Anyone else doing this? What are you hunting for? Are there any edible birds you can take with an air rifle?


----------



## Paul Marx (Nov 13, 2009)

Are you sure you can shot Squirrels ?


----------



## Mojo281 (Sep 7, 2006)

PM JohnnyQuest... He is a pellet gun hunting machine!


----------



## Fishtexx (Jun 29, 2004)

My son just bought a Stoeger X-10 with the money he made raking leaves. I don't expect him to hunt with it, just hone his shooting skills and have fun outshooting his dad!


----------



## copperhead (Mar 15, 2005)

I have a gamo and deal squirrels misery.


----------



## flatsmaster14 (Mar 25, 2011)

copperhead said:


> I have a gamo and deal squirrels misery.


X2 can't even tell you the number of squirrels that met there maker with my break over.


----------



## sea ray (Mar 15, 2006)

JOHNNY QUEST is the man to talk to around here about that.


----------



## Mojo281 (Sep 7, 2006)

I actually have a gamo whisper and I shoot my fair share of tree rats, eurasian dove, and a handful of these....

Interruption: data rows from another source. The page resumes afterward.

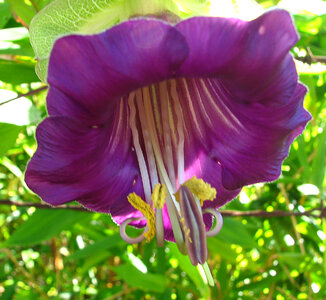 violet flower photo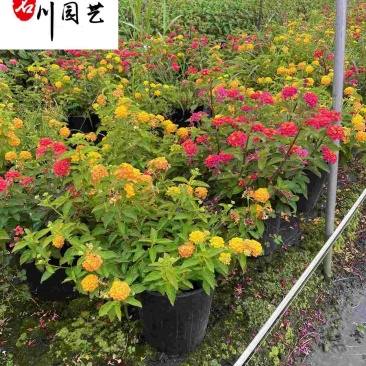 五色梅杯苗盆栽批发成都五色梅基地直供花色丰富观赏花卉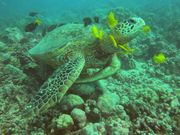 気持ち良さげ🥰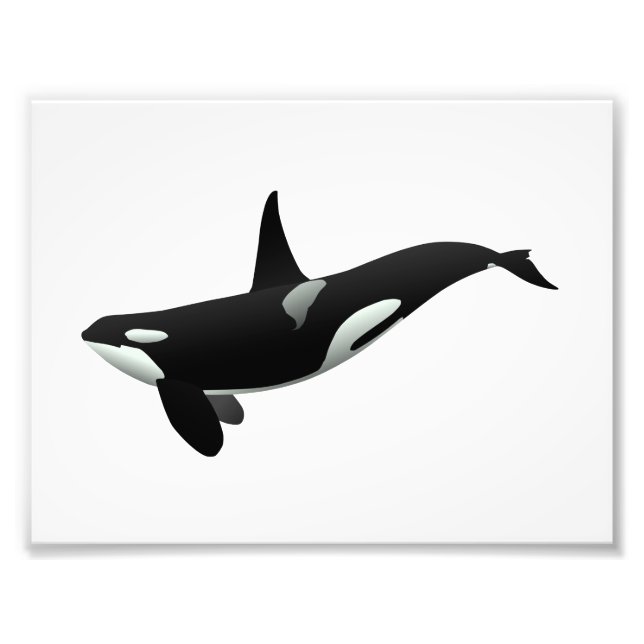 Foto Ilustração da baleia Orca - Escolher cor de fundo (Frente)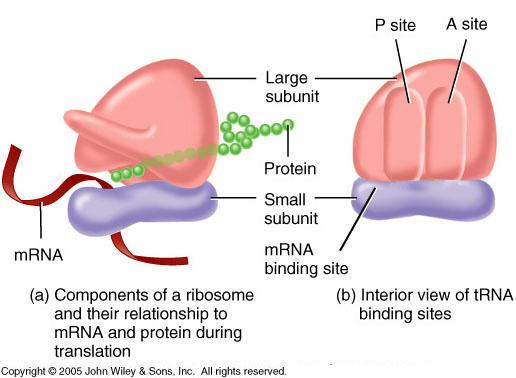 Ribosome subunits Large subunit binds with trna Small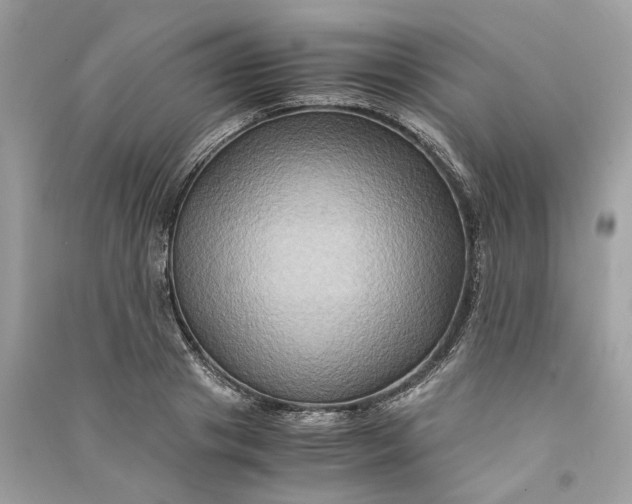 X0000090760841200708101745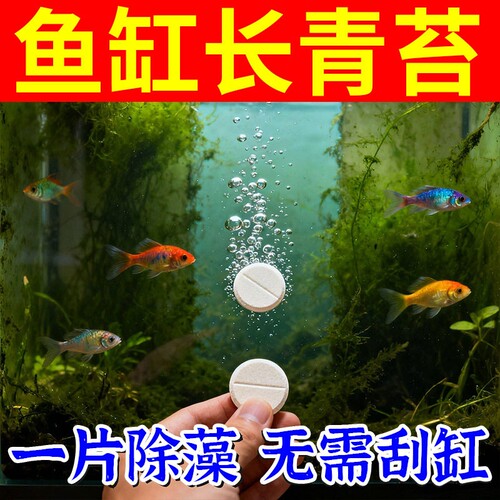鱼缸除藻去苔剂强效鱼缸壁清除绿褐丝藻黑毛净水一滴清专用免换水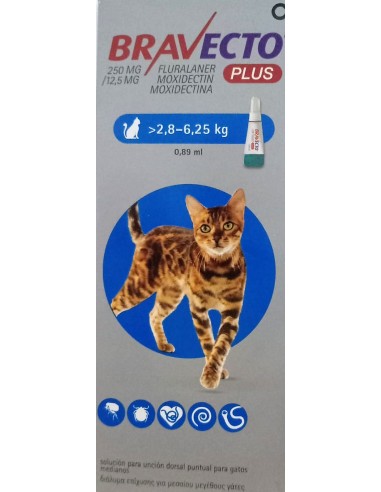 BRAVECTO PLUS CAT 250 MG 2.8-6.25 KG 1 PIP. 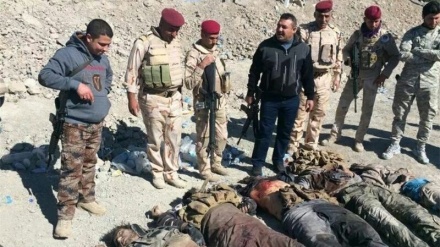 Əl-Ənbar vilayətində onlarla terrorçu məhv edilib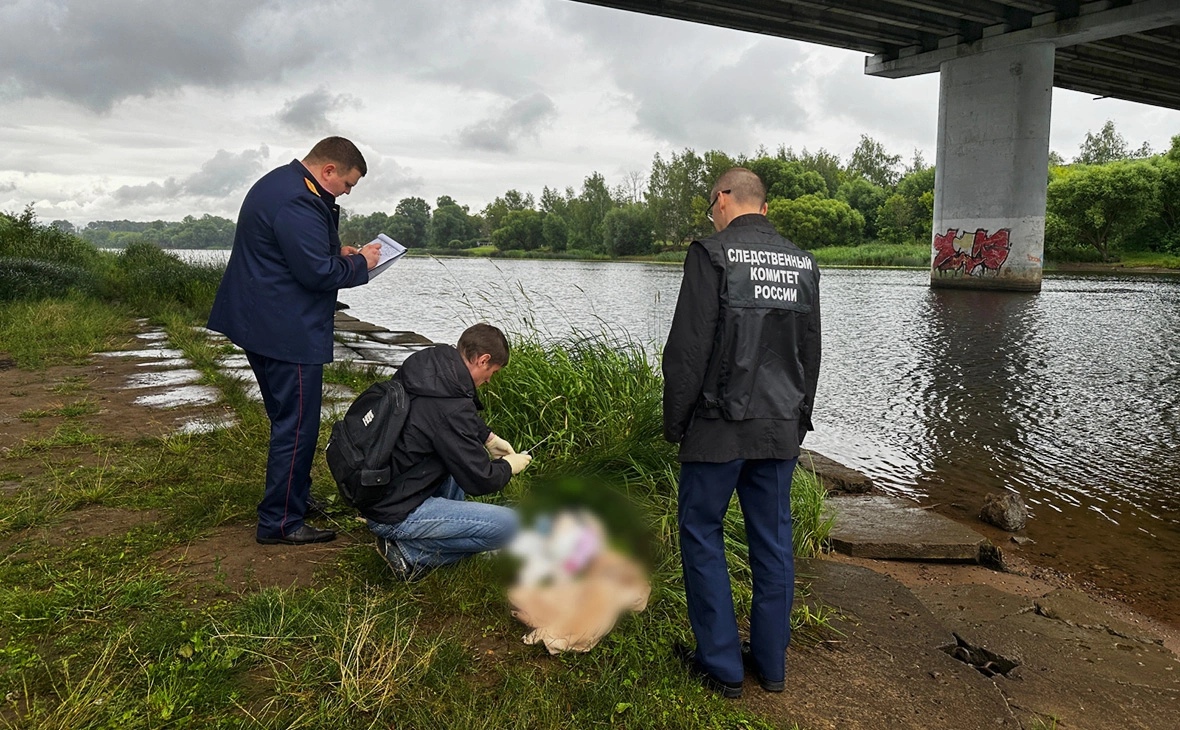 СК России по Ярославской области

Now before anyone jumps my ace... They are considered an invasive species and are not regulated. Just so happens that I have a breeding population living in my area and they occasionally grace my backyard. A flock of 20 can be about as annoying as a screaming 2 year old... Problem solved!!


----------



## Robert10 (Jan 15, 2008)

Grass looks good......o ya and nice shot.


----------



## txsnyper (Feb 8, 2007)

Pretty cool...I wanna shoot a parrot now.
Would make a cool mount, and certainly a cool "story" of how you booked a hunt to South America just to hunt this rare species with a pellet gun.:wink:

Seriously I would shoot the hell out of them.
This reminds me of something...I'll start a new thread for it though.


----------



## Mojo281 (Sep 7, 2006)

txsnyper said:


> Pretty cool...I wanna shoot a parrot now.
> Would make a cool mount, and certainly a cool "story" of how you booked a hunt to South America just to hunt this rare species with a pellet gun.:wink:
> 
> Seriously I would shoot the hell out of them.
> This reminds me of something...I'll start a new thread for it though.


I may have just found an unexplored market... Guided parrot hunts w/ pellet guns!!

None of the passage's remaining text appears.